3. Write in the gray areas, not the extremes

When thanking Nicole for writing what could be very political issues in the gray areas, she responded:

“Most of us don’t exist on the far, barbelled ends of an issue, but that’s what gets the most traffic. I have a commitment to exploring the gray areas, ambiguity, uncertainty. That’s where the most interesting material lies.”

She writes about the messy middle ground where you hold multiple truths at once, instead of taking hard stances.

Social media wants you to pick a side. Essays let you explore complexity.

4. Your goal isn’t to persuade — it’s to let readers inhabit your experience

“I’m trying to conjure what it is to have this particular experience. Not necessarily to come down on any persuasive side about it, but to just lay it out there and express it.”

Nicole’s essays ask: Am I alone here? Am I the only one feeling this way? That vulnerability is what creates connection. It’s a great reminder that you can start to write while you’re still confused.

5. When it comes to others, write from deep care and love

“I went over things again and again to ensure that every single thing I wrote about another person was written out of deep care and love. That doesn’t mean sugarcoating or putting someone on a pedestal, but making sure that every detail was caring and loving and respectful in its truth.”

People don’t want to be seen as perfect. They want to be seen in all their complexity and love nonetheless.

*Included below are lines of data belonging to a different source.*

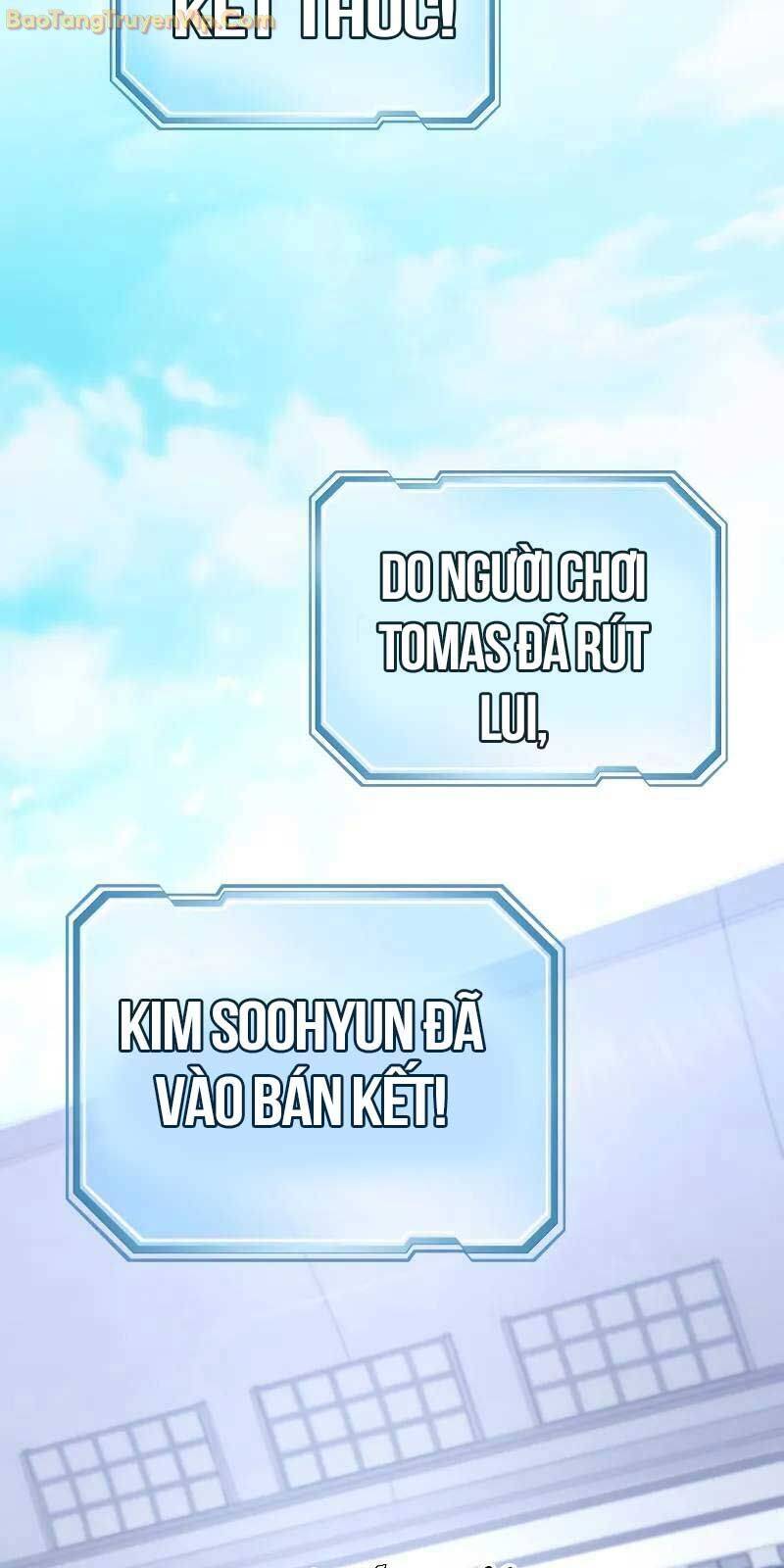 Anh Hùng Trở Về Chap 103 - Next Chap 104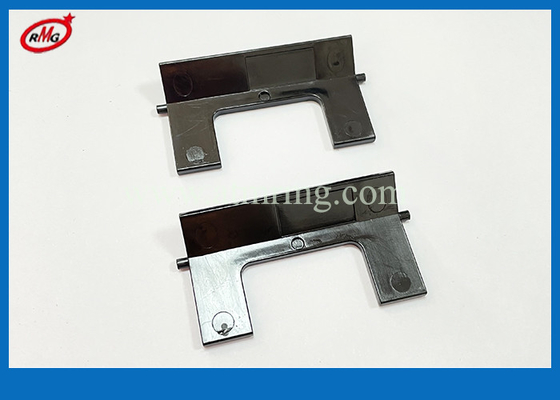 Piezas del casete de NCR S2 de los recambios del cajero automático 445-0730151 4450730151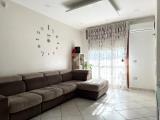 Appartamento, GIUGLIANO IN CAMPANIA, 145.000 €, 88,00 mq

6. Use the “box” method to collect material

Nicole borrows from choreographer Twyla Tharp: start a document (or physical box) when you have an idea. Then collect everything that connects — quotes, images, scraps of thoughts. “When you’re in the middle of writing something, suddenly everything seems to connect to it. It’s almost like there’s this lens through which I’m seeing the world.”

You end up with an “ungodly mass” of material. Then your job is to figure out how it all connects, like a constellation. She keeps all the notes at the bottom of her doc, writing at the top, and dives down when she wants to pick something up.

7. The difference between a journal entry and an essay is audience

“When I’m writing something I want to put out into the world, I’m constantly thinking about audience. What does the audience need to know to understand what I’m saying here? What do I need to do here to not lose them?”

 A journal is for you. An essay is thinking about how to be thoughtful and generous toward a reader.

8. Write from who you are, not who you should be

“We are all original if we tell the truth, but it has to be from the person we are and not the person we think we should be. The should is a pretty dreary place to write from. The only way to distinguish oneself as a writer is to be oneself as a writer as much as possible.”

Trying to sound like someone else won’t help. Your voice is what makes you original.